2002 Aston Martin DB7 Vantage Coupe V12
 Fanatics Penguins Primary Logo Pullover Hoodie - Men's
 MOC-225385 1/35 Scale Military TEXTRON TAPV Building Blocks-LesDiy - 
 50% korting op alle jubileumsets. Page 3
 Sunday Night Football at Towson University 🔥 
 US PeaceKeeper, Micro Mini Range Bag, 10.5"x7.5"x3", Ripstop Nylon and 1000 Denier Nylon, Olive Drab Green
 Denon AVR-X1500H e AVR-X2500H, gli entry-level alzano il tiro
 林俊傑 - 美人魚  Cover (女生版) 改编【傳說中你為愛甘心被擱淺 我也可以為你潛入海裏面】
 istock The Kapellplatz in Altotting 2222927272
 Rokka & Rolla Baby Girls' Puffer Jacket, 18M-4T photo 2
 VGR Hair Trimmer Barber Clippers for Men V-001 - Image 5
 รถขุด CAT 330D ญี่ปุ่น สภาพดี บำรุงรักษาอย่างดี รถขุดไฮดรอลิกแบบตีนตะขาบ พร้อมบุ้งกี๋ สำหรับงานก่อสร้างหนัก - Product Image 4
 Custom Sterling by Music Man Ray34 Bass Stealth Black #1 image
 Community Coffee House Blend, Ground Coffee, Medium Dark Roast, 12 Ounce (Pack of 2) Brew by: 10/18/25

* [Work task]:
Give back, verbatim, the lines from the top of the entries above through the line containing "Denon AVR-X1500H e".

* [Result for this task]:
2002 Aston Martin DB7 Vantage Coupe V12
 Fanatics Penguins Primary Logo Pullover Hoodie - Men's
 MOC-225385 1/35 Scale Military TEXTRON TAPV Building Blocks-LesDiy - 
 50% korting op alle jubileumsets. Page 3
 Sunday Night Football at Towson University 🔥 
 US PeaceKeeper, Micro Mini Range Bag, 10.5"x7.5"x3", Ripstop Nylon and 1000 Denier Nylon, Olive Drab Green
 Denon AVR-X1500H e AVR-X2500H, gli entry-level alzano il tiro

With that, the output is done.